* **ABOUT THIS EXERCISE**:
Return all lines below containing the word "engagement".

* **DATA TO EXAMINE**:
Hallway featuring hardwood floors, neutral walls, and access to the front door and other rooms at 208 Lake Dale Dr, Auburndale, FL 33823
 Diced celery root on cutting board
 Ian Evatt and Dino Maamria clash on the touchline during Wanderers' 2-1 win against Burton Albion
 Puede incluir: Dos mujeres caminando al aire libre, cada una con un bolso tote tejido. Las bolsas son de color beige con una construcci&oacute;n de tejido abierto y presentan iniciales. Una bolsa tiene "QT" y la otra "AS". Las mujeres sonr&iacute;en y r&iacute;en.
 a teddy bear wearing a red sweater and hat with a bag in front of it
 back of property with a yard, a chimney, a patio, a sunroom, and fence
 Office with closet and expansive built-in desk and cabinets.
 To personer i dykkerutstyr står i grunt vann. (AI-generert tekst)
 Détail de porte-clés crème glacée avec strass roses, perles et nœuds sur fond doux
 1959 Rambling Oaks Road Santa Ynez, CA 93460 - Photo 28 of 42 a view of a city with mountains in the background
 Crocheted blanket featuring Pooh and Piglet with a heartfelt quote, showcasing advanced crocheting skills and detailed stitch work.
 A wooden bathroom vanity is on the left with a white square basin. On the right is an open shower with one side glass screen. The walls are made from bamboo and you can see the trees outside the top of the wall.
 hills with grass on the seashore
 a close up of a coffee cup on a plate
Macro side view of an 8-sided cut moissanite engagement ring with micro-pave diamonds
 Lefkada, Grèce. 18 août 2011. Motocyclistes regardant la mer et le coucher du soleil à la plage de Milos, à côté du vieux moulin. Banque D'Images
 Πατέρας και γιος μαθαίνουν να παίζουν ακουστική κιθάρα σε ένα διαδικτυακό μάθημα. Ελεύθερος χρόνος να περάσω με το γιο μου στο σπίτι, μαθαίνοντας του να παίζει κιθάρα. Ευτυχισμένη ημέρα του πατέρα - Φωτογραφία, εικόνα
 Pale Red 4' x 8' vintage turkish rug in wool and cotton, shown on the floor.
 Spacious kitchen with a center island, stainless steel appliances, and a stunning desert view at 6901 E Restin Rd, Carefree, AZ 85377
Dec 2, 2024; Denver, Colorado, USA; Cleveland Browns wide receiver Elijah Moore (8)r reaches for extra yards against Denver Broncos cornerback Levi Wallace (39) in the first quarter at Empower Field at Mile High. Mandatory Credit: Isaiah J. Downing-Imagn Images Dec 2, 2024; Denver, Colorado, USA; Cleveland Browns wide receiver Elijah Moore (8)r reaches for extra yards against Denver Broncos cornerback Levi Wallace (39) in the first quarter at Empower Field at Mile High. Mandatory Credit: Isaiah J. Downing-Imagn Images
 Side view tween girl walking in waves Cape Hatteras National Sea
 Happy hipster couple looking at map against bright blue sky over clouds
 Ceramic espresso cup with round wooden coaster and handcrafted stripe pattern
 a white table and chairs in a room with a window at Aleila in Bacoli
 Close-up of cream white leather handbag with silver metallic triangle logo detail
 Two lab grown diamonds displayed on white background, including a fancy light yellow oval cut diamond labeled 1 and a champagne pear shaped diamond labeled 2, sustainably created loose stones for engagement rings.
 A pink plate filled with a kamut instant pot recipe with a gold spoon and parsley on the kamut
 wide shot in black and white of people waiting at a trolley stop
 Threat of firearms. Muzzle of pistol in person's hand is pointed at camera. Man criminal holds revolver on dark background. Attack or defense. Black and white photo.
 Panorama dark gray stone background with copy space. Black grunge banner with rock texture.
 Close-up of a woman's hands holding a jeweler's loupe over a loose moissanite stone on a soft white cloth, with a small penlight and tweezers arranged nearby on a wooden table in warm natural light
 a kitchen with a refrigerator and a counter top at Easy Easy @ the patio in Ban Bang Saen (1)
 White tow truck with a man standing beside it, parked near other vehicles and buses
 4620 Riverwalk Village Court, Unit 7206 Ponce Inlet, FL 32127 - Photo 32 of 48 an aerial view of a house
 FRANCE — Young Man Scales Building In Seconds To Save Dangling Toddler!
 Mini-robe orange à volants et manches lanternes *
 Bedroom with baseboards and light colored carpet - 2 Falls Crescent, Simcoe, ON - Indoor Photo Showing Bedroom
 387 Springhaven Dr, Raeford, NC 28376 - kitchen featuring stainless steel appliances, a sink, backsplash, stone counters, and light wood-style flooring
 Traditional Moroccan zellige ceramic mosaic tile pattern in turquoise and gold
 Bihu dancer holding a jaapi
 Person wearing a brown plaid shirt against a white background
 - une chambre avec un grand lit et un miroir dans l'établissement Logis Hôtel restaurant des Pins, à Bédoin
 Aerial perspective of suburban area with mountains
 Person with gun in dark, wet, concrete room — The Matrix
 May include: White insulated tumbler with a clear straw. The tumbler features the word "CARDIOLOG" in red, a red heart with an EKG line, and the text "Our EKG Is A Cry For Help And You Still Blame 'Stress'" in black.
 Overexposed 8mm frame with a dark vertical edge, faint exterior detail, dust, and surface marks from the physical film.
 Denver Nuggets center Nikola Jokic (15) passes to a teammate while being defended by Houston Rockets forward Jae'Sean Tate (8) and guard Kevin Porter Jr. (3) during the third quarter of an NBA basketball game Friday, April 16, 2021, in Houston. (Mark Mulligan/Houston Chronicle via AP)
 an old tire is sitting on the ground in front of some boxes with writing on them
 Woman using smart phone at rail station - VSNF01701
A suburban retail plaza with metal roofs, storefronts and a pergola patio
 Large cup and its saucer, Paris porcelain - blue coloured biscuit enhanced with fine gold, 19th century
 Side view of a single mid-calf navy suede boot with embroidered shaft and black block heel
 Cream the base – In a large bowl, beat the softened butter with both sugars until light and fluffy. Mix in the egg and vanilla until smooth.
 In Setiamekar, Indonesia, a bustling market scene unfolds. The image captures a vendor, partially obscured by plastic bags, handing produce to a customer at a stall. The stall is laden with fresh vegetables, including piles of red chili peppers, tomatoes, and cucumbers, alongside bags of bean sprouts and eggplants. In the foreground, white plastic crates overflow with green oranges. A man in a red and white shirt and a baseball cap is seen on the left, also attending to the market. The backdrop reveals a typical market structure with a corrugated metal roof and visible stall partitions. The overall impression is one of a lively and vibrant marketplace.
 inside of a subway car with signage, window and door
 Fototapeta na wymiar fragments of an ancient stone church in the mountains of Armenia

* **EXPECTED OUTPUT**:
Macro side view of an 8-sided cut moissanite engagement ring with micro-pave diamonds
 Two lab grown diamonds displayed on white background, including a fancy light yellow oval cut diamond labeled 1 and a champagne pear shaped diamond labeled 2, sustainably created loose stones for engagement rings.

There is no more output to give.